Civil cases have many rules and procedures. Family law cases are no exception to this, and when seeking a divorce, understanding these rules can be the difference between an efficient and easy uncontested divorce or having to return to court several times to receive a final hearing. For example, making sure the other party has been properly served with the initial divorce pleadings is an absolute necessity to moving your case forward. Another key component to your divorce is the “burden of proof.”
“Burden of proof” is a legal term that refers to who is responsible for proving the allegations. A burden of proof in a divorce case is “preponderance of the evidence,” which means that the party making an allegation will have the responsibility to prove to the judge that there is a greater than 50% chance that the claim or allegation is actually true. Note that this is very different from the burden of proof in criminal cases, which is much higher at “beyond a reasonable doubt.”

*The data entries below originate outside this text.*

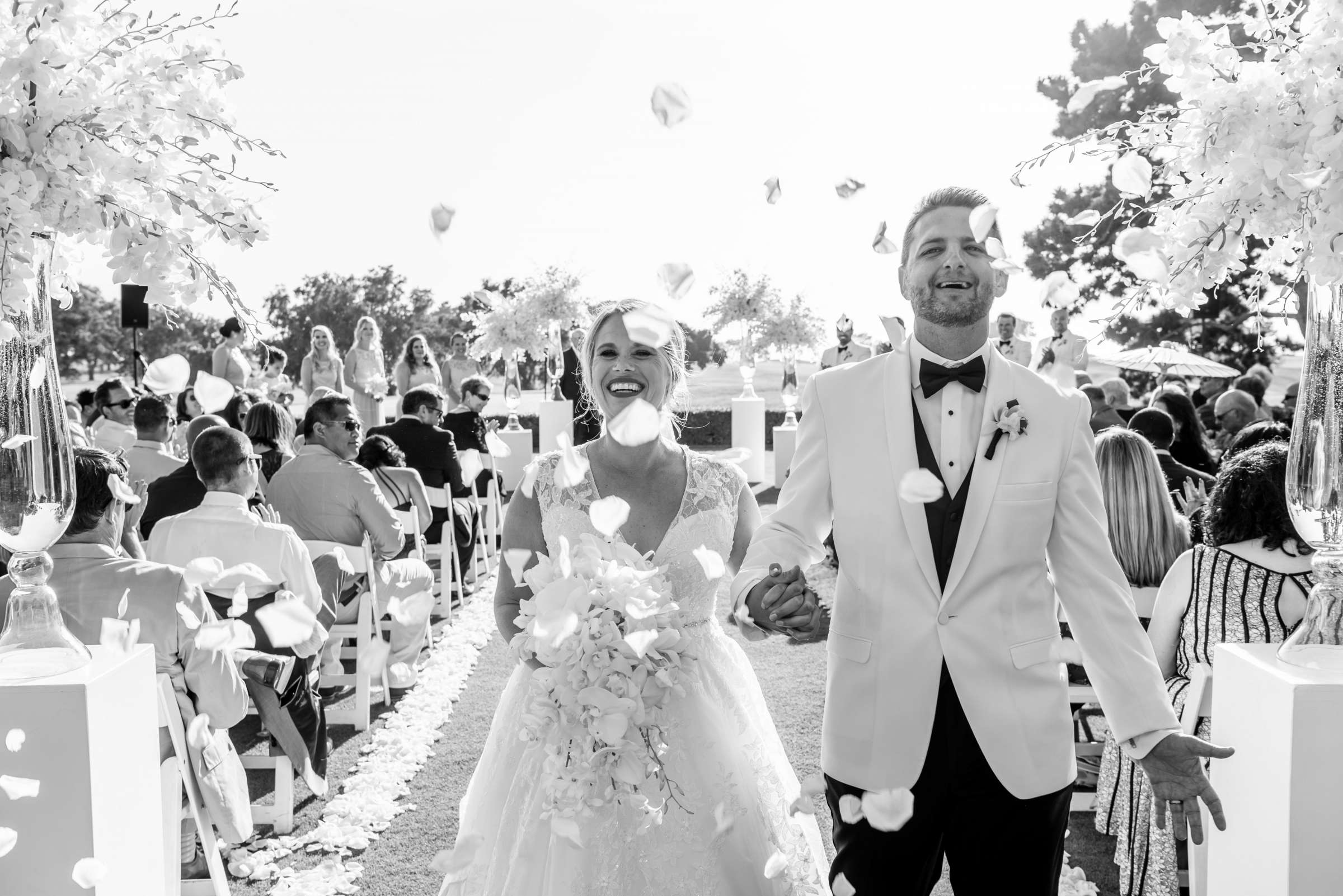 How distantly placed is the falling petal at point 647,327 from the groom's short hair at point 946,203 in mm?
886

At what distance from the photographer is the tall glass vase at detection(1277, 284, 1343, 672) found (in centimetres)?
214

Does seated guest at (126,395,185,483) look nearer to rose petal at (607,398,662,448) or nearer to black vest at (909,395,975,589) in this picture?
rose petal at (607,398,662,448)

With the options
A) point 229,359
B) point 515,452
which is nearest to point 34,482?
point 229,359

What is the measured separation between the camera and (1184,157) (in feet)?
6.81

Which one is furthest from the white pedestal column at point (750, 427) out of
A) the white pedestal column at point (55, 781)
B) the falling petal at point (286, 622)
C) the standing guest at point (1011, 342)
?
the white pedestal column at point (55, 781)

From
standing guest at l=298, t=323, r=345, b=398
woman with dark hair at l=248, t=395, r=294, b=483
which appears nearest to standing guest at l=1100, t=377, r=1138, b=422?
woman with dark hair at l=248, t=395, r=294, b=483

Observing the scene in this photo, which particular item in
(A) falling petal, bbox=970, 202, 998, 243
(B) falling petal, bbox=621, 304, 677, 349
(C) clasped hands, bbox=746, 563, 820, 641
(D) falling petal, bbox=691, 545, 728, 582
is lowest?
(D) falling petal, bbox=691, 545, 728, 582

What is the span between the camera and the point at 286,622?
4492 millimetres

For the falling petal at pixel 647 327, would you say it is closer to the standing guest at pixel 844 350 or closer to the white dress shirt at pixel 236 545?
the white dress shirt at pixel 236 545

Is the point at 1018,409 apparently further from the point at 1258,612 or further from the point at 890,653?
the point at 1258,612

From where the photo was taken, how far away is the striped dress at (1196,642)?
3.39 m

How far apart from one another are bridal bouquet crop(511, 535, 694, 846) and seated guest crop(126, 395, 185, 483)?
458 cm

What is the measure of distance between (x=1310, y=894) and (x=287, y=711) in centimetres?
375

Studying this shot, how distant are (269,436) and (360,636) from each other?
4.50 feet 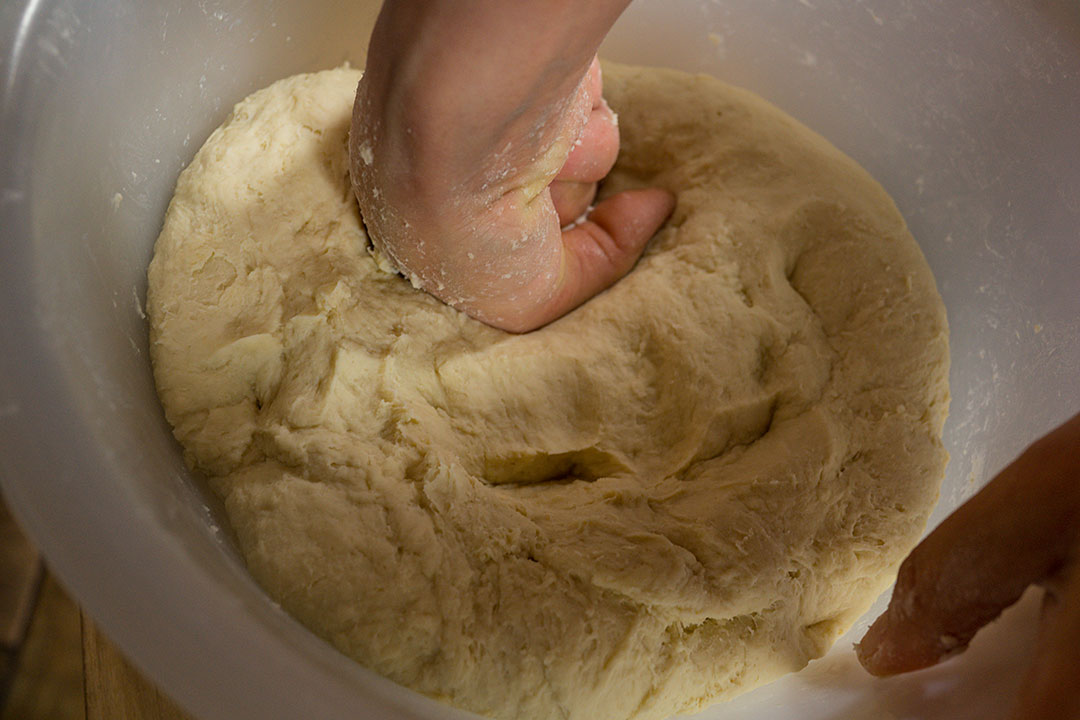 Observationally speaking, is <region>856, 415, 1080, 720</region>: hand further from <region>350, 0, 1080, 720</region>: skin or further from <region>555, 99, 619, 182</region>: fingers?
<region>555, 99, 619, 182</region>: fingers

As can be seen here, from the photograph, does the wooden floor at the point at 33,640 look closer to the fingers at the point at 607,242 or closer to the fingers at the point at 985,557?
the fingers at the point at 607,242

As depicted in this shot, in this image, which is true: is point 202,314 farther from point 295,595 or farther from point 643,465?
point 643,465

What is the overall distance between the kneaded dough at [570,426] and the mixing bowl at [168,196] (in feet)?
0.19

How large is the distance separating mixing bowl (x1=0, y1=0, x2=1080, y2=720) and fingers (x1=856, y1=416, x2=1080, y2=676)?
0.04 meters

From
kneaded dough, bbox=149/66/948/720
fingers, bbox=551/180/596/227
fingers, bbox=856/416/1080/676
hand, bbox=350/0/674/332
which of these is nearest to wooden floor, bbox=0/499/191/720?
kneaded dough, bbox=149/66/948/720

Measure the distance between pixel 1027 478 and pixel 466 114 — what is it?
57 centimetres

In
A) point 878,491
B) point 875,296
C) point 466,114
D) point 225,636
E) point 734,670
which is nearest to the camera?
point 225,636

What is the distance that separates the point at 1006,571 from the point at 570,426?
1.53 feet

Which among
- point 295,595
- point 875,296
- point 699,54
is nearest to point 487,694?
point 295,595

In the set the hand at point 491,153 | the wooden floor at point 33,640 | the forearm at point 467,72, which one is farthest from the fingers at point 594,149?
the wooden floor at point 33,640

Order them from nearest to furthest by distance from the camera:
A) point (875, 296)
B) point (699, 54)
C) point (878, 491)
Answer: point (878, 491)
point (875, 296)
point (699, 54)

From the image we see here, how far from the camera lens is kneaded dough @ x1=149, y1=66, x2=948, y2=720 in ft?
2.48

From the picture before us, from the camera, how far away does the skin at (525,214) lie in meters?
0.64

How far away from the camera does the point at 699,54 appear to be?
132cm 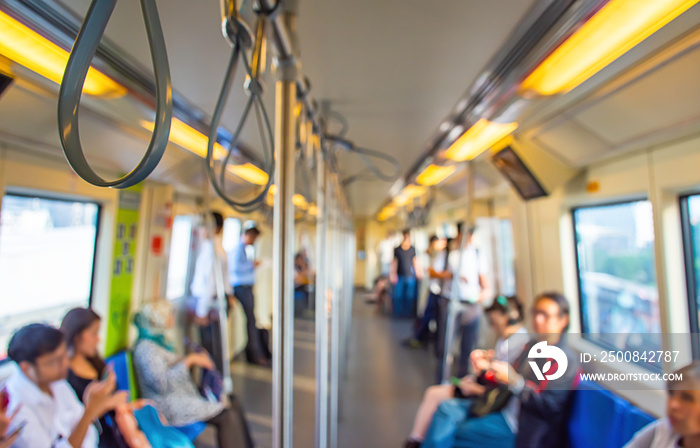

If you are involved in a divorce, it is important to keep the burden of proof in mind. Neither you nor the other side will be required to produce absolute proof that a particular fact is true. Instead, you will only need to present proof that convinces a judge that a fact or allegation is probably true. A judge can rely on many sources of evidence when trying to decide which party’s claims are accurate, including the parties’ demeanors and the totality of the evidence. When going into a divorce, many litigants are concerned that they “only” have their own testimony to support specific allegations. However, a judge can absolutely determine that one person’s testimony is sufficient to meet the burden of proof. Supporting evidence is always helpful, but you should not let the fact that you do not have a written admission or audio recording from your soon to be former spouse dissuade you from moving forward. Remember, however, that the same rules apply to your spouse. Parties should also keep in mind that the same burden of proof applies to all the issues in the divorce. In other words, regardless of whether your main concern is division of property or a contentious custody dispute, the court will still apply the “preponderance of the evidence” standard to each allegation and issue.
We have extensive experience with divorce and are very familiar with the type of evidence required to help our clients attain their goals. Contact us today and let us talk with you about your divorce and how we can help you move forward.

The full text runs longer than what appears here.